===== Data extract

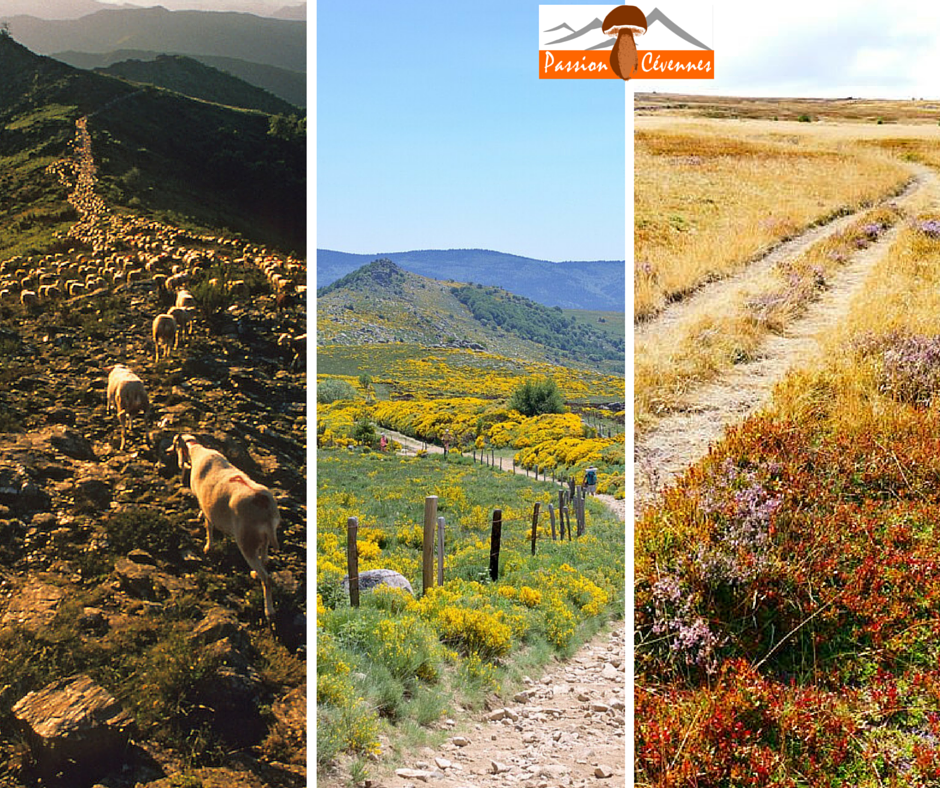 CevennesPassion's tweet photo. Chacun sa route
chacun son chemin
...............................en Cévennes https://t.co/de9xu3mmnb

==========

- What the exercise asks -
Could you return the entire listing above verbatim while dropping each picture?

- Result of this task -
 CevennesPassion's tweet photo. Chacun sa route
chacun son chemin
...............................en Cévennes https://t.co/de9xu3mmnb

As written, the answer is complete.